Where Lost World unfortunately doesn’t manage to rival the first film is its cast of characters. No one here is outright badly written or totally uninteresting. Everyone has at least a couple of moments that make them a bit memorable. Sarah stands out for her bubbly enthusiasm and Moore’s energetic performance, and Pete Postlethwaite is an unexpected highlight as a big game hunter who begins to look inside himself and question his love of the dangerous life he yearns for. But everyone else is just fine. Even Malcom proves himself to work better as a supporting character than the lead, or he at the very least had meatier material in Jurassic Park.

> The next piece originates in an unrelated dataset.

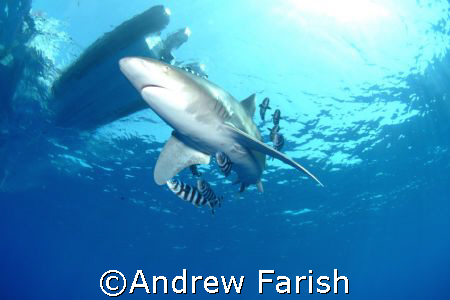 shark  by Andrew Farish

The chemistry between these people is also surprisingly not that good. I don’t buy Malcom and Sarah as a genuine romantic couple, nor do I really buy Malcom as a father to his daughter (Vanessa Lee Chester) who stows away on board to the island. This group of characters is the only place where this sequel does feel like a run-of-the-mill dinosaur chase movie, even though every actor does their job perfectly well. This also causes the first act to drag a little bit while everyone is coming together and making their introductions prior to arriving on the island. I do, however, really like how characters are forced to go from sabotaging each other to working together and back again, blurring the lines of who we root for without bogging down the focus on the most important players. This isn’t a weak group of characters; it’s just not a particularly strong one.

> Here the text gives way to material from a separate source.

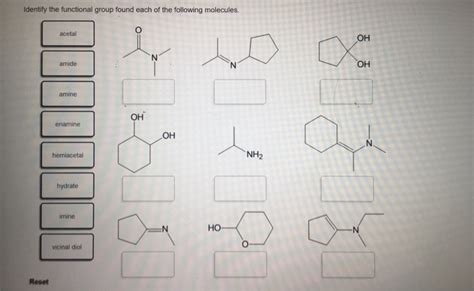 Solved Identify The Functional Group Found Each Of The Chegg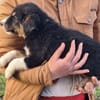 Zuhause gesucht für Bjarne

But these shortcomings are certainly not enough to ruin The Lost World as a sequel to the iconic original or as a film on its own. Is it as good or groundbreaking as Jurassic Park? Definitely not. Are its characters remarkable overall? No. But this is still an expertly-crafted, exciting film that’s packed with amazing sequences that take this series to a different, less glamorous, and more frantic place while still staying true to the core of what made it enticing to begin with. And I can say that as someone who doesn’t have the years of nostalgic fondness that could create any sort of bias towards this movie. Nowadays, it’s very easy to feel the burnout of the Jurassic Park franchise with how often it’s resorted to a formula without pushing the envelope. But it’s far easier to digest certain repeated motifs here considering this is not only the first sequel, but a sequel that adds a good deal of creative new to go alongside the old. If you’ve had middling thoughts towards the film like I used to, give it another shot and see if it grows on you.

The Lost World: Jurassic Park was released on May 23, 1997.